Their White House-commissioned report is now being reviewed by the president as he prepares to face European leaders angered by his attack on the Kyoto Protocol on climate change. A panel from the National Academy of Sciences said a leading cause is emissions of carbon dioxide from burning fossil fuels. Correspondents say this could put pressure on the administration to shift its position on global warming.

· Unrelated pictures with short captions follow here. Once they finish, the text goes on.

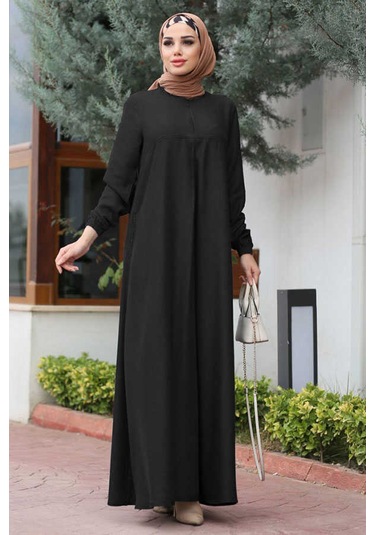 Neways 6482 - Ön Tek Pileli Elbise Siyah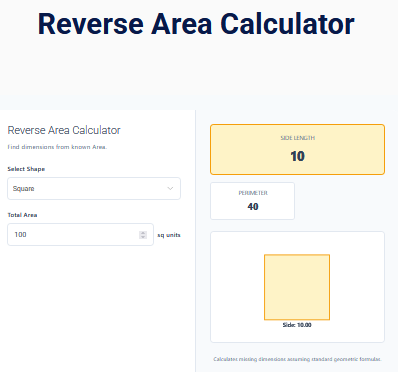 Reverse Area Calculator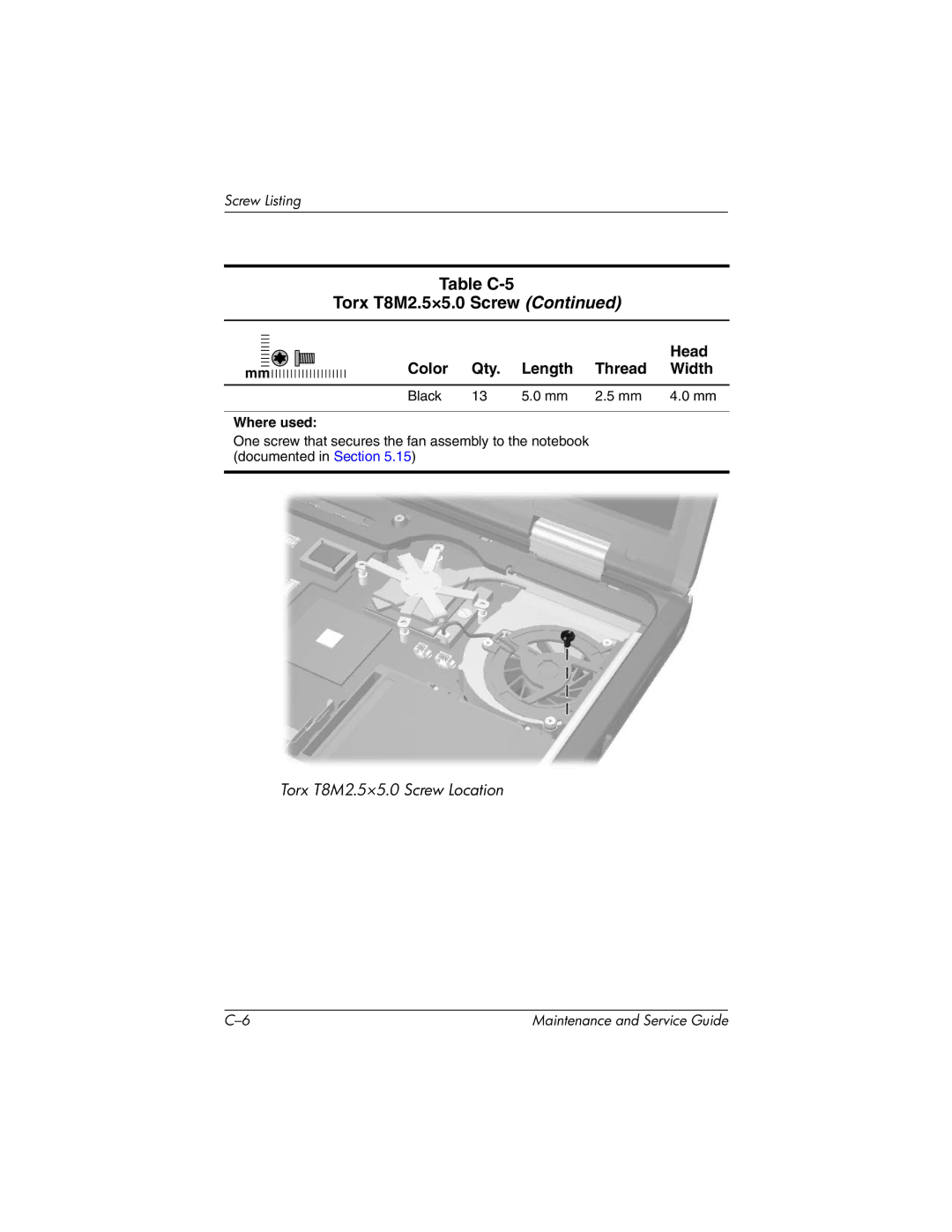 HP 335167-003, nc6000 manual Head Color Qty. Length Thread Width 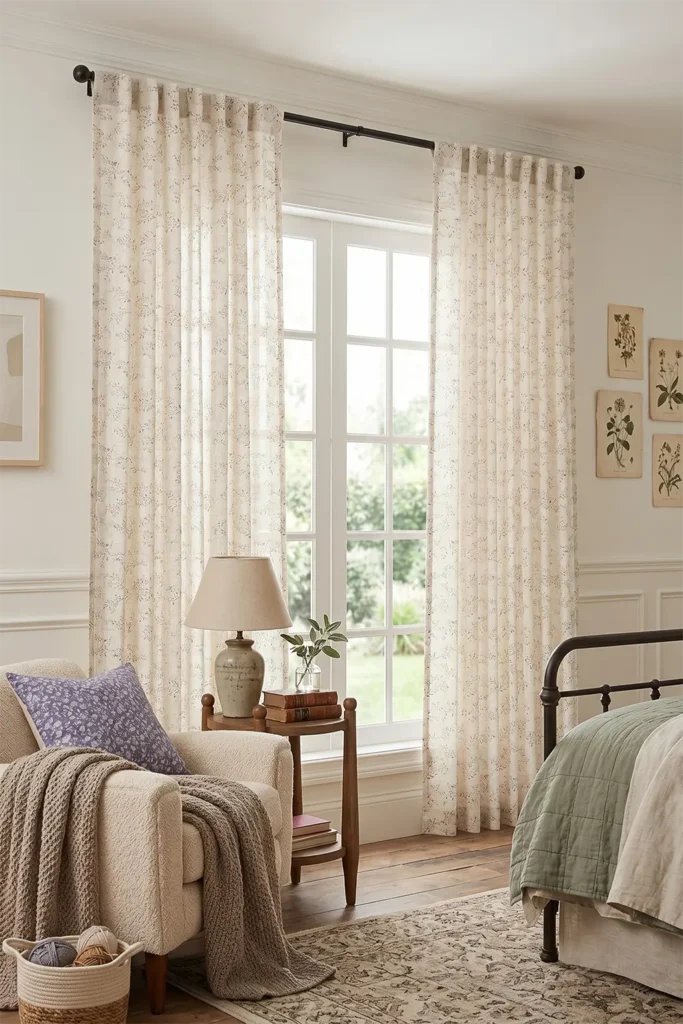 THREE GIRLS Floral Linen Curtains 84 Inches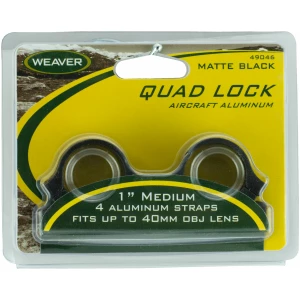 Weaver Quad Lock detachable scope rings 1in medium matte, aircraft-grade aluminum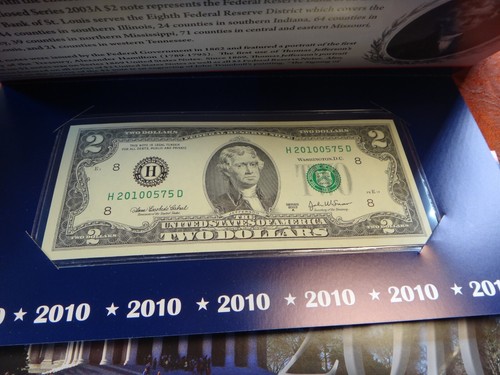Set of 10 Two Dollar $2 FRN's - 2010 Treasury Dept. - Bureau of Engraving - Picture 9 of 12
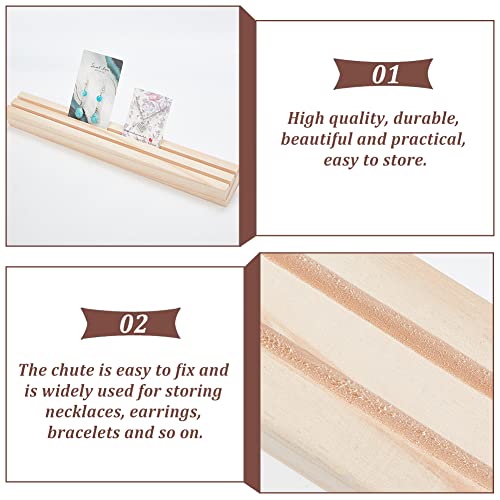 NBEADS Wood Earring Display Stands, 2 Slots Long Jewelry Earring Ring Display Holder Wood Earring Card Holder Business Card Holder Display for Home Office Retail Store, 12.2x1.6 - color: 2 Slots-BurlyWood-12.2x1.6"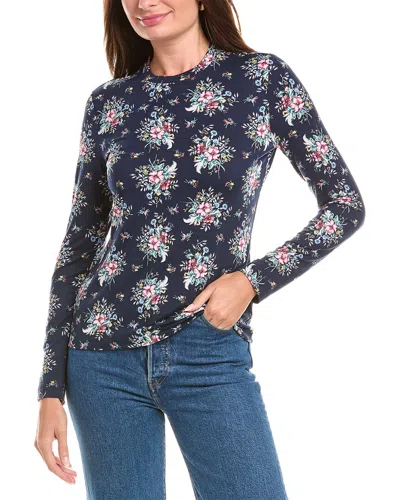 Brooks Brothers Floral Long Sleeve Jersey Top In Blue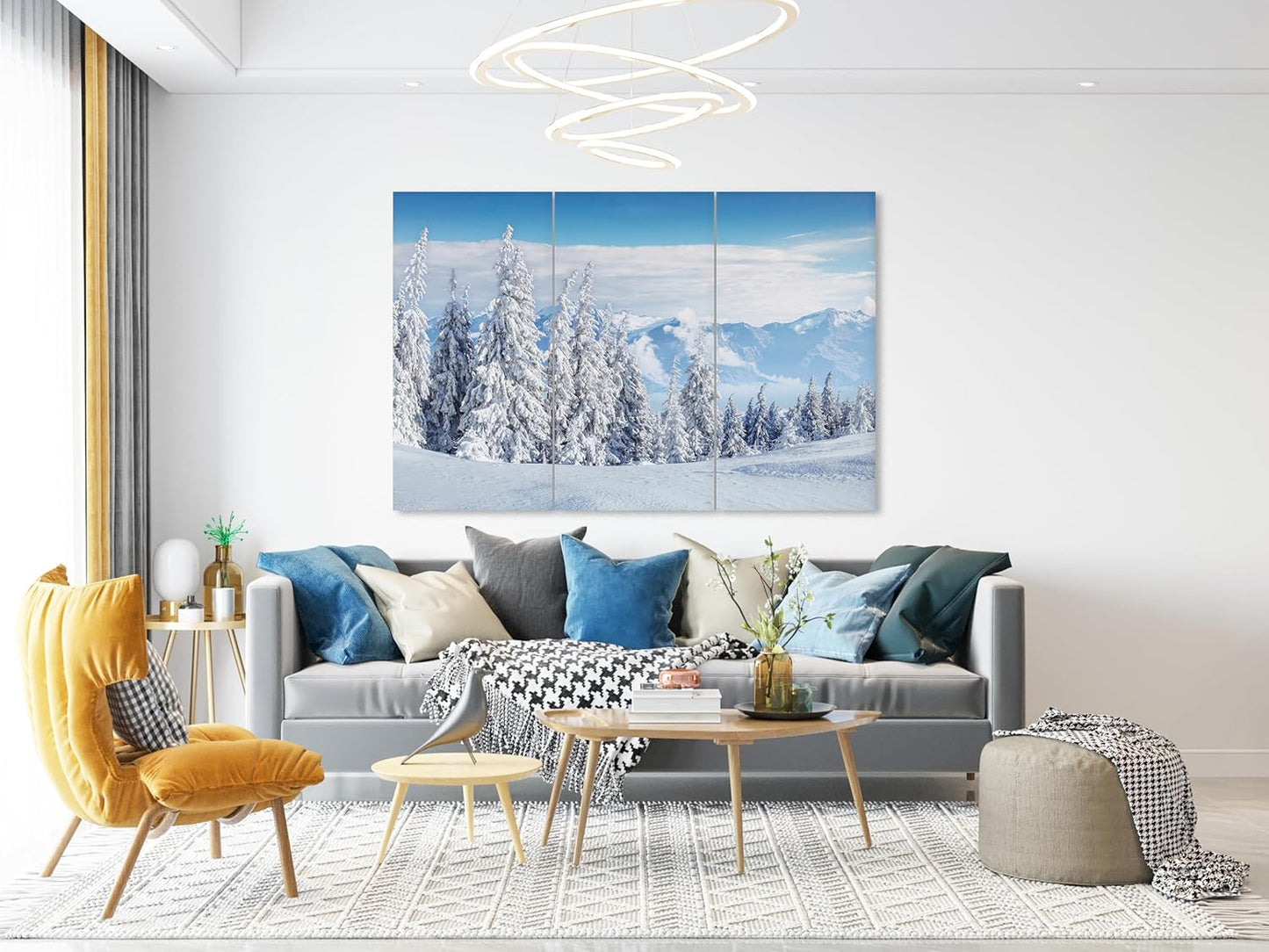 Nature Wall Art Prints - Ocean Forest Mountain Lake Canvas Landscapes - Small to Extra Large Living Room Bedroom Kitchen Bathroom Décor (Snow Covered Trees on Mountain, 47L" x 71W" - 3 panels)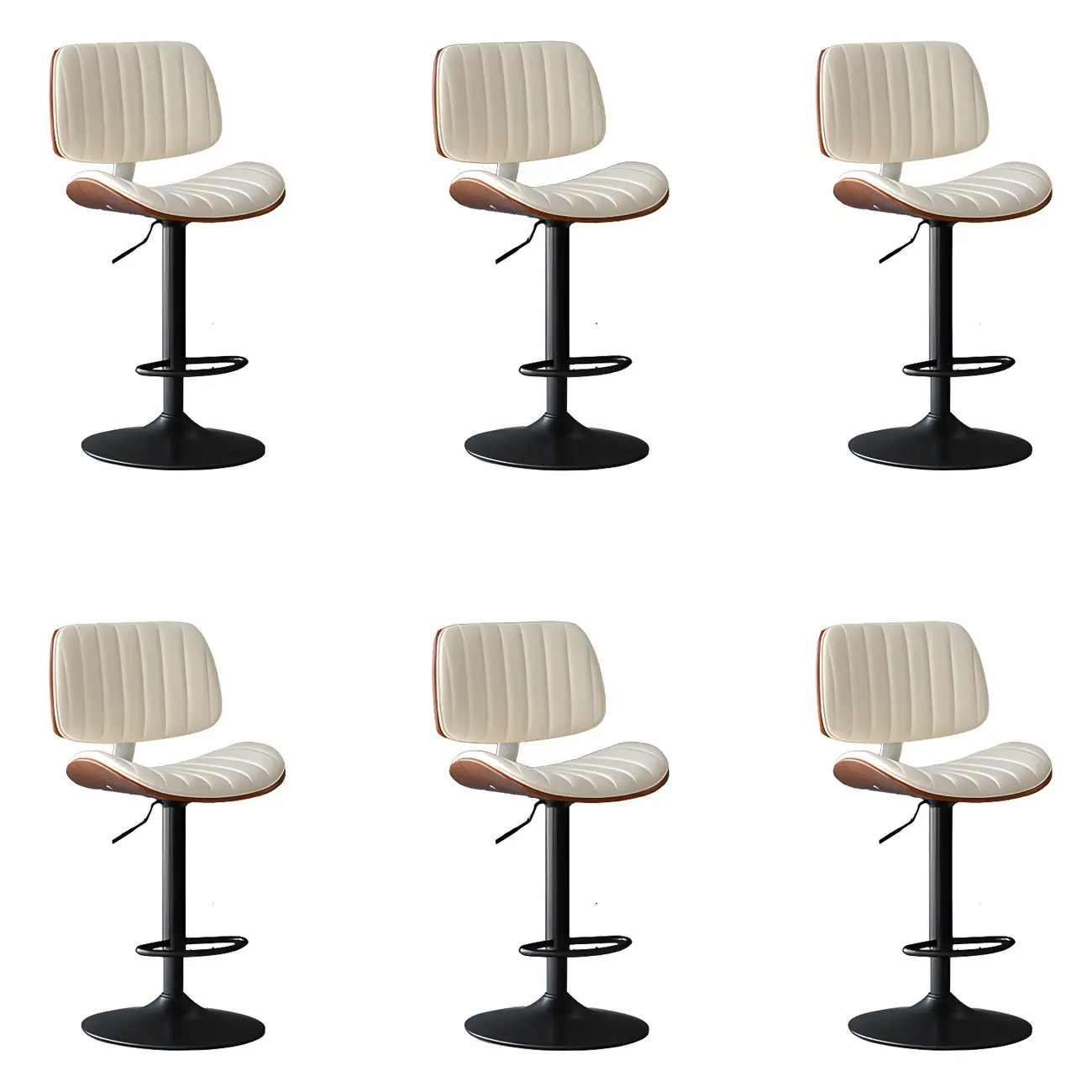 Adjustable Height Bucket Swivel Leather Bar Stool with Back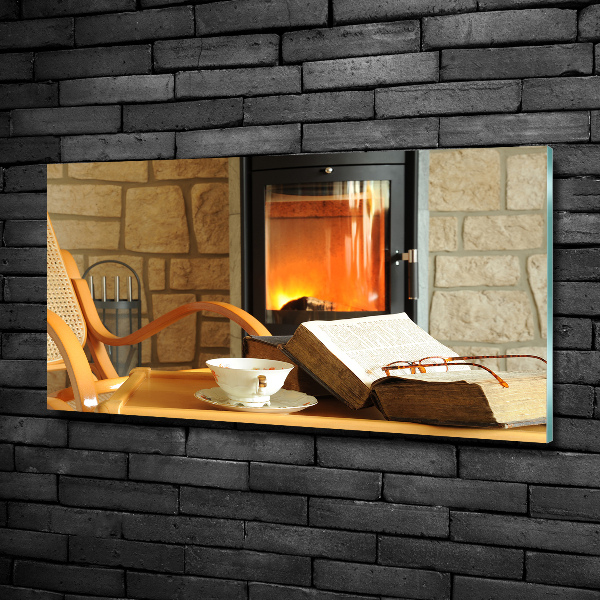 Glass art print Fireplace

"Temperatures are, in fact, rising," the panel warned. "Greenhouse gases are accumulating in the earth's atmosphere as a result of human activities, causing surface air temperatures and subsurface ocean temperatures to rise," the report said. It warned that "national policy decisions made now and in the longer-term future will influence the extent of any damage suffered by vulnerable human populations and ecosystems later in this century". White House response Next week, Mr Bush will meet European Union leaders in Gothenburg, Sweden, where he hopes to present an alternative to the Kyoto agreement that he denounced in March. Responding to the report, National Security Advisor Condoleezza Rice said Mr Bush "takes extremely seriously what we do know about climate change, which is essentially that there is warming taking place".
Ms Rice is seen as part of a group of White House insiders sympathetic to environmental concerns. These include Secretary of State Colin Powell, Treasury Secretary Paul O'Neill, and Environmental Protection Agency Administrator Christine Whitman.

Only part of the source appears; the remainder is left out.